Author: Samantha Ferraro


  • 2 small-medium white potato
  • 5 eggs + 1 Tb milk
  • 4 oz pancetta chopped
  • 1 zucchini sliced thin
  • 1/2 cup cherry tomatoes cut in half
  • 1/2 cup shredded cheese
  • 1 Tb fresh rosemary chopped
  • Olive oil for drizzling
  • Salt and pepper to taste


  • Begin heating oven to 400 degrees Fahrenheit. Whisk eggs and milk together and season with salt and pepper, set aside.
  • In a non stick skillet, cook pancetta in 1Tb olive oil until fully cooked and brown. When done, remove and reserve in a paper-towel lined bowl.
  • In the same pan, drain any excess oil that accumulated but save about 1Tb worth. Add zucchini, season lightly with salt and pepper and saute for2-3 minutes until zucchini begins to color but don't cook through. It should still be snappy. When done, reserve to separate plate.
  • Using a mandoline on setting #3, carefully slice potatoes on the longer side or use a sharp knife to slice thin slices.
  • *My tip: be careful when using a mandoline, make sure it is secure and sturdy and when slicing with dominant hand, have hand flat so fingers are not curled under, risking cutting.
  • Using a tart dish , drizzle olive oil and use a paper towel to smear oil all over the bottom and sides.

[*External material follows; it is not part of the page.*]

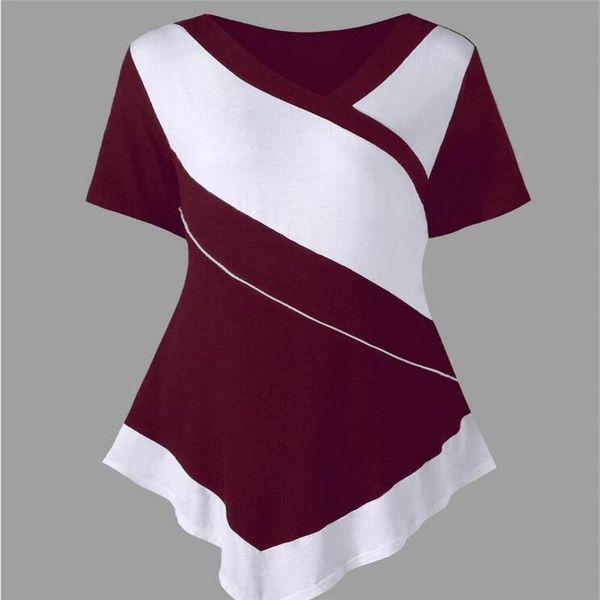 women's blouses & shirts 2021 summer fashion round neck shirt long-sleeved women patchwork irregular hem tunic casual, White
women's blouses & shirts 2021 summer fashion round neck shirt long-sleeved women patchwork irregular hem tunic casual, White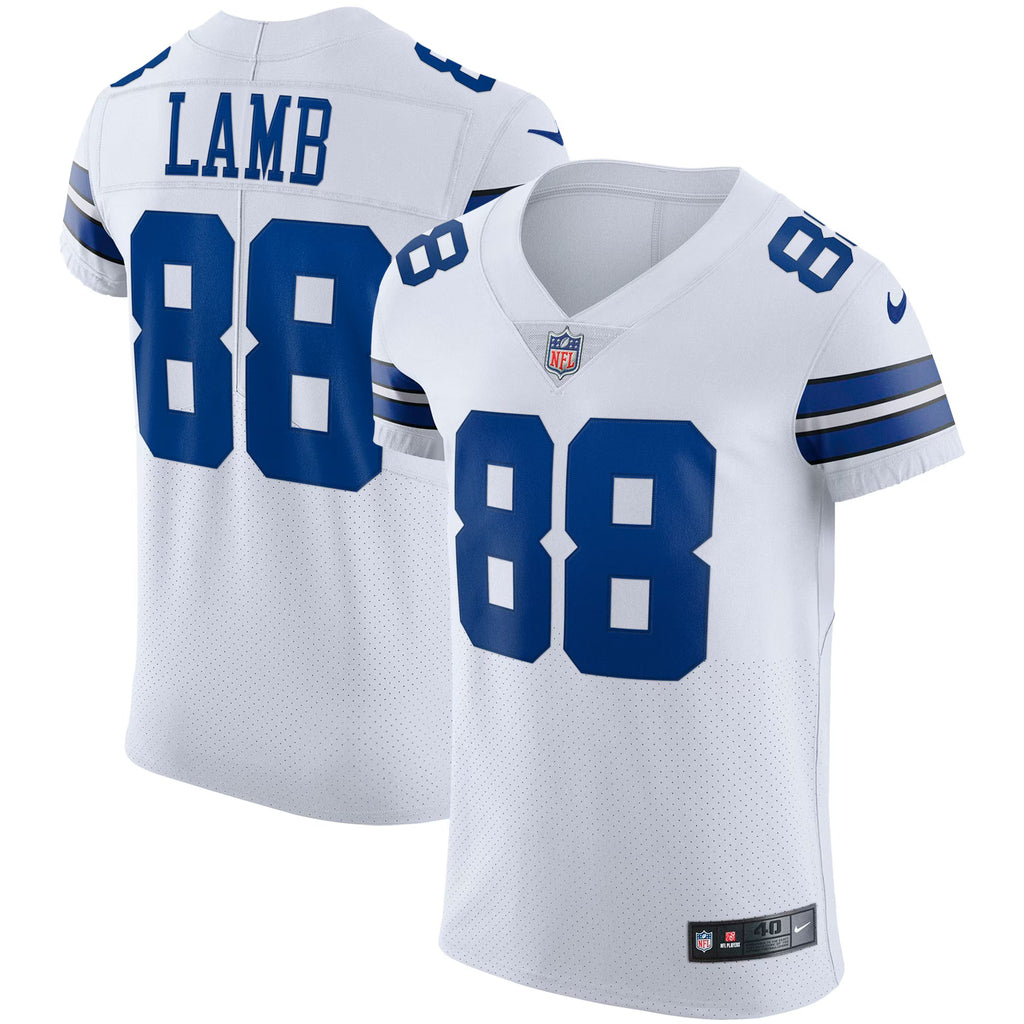 Dallas Cowboys CeeDee Lamb White Vapor Elite Jersey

Place potato slices all along the bottom and sides, slightly overlapping and making sure all seams are closed. Sprinkle with rosemary and drizzle of olive oil and bake in oven for 10 minutes.
  • Remove potato crust from oven and lower to 350 degrees. Pour in whisked eggs first and then add sliced zucchini, pancetta and cherry tomatoes. Top with shredded cheese and bake for 30 minutes.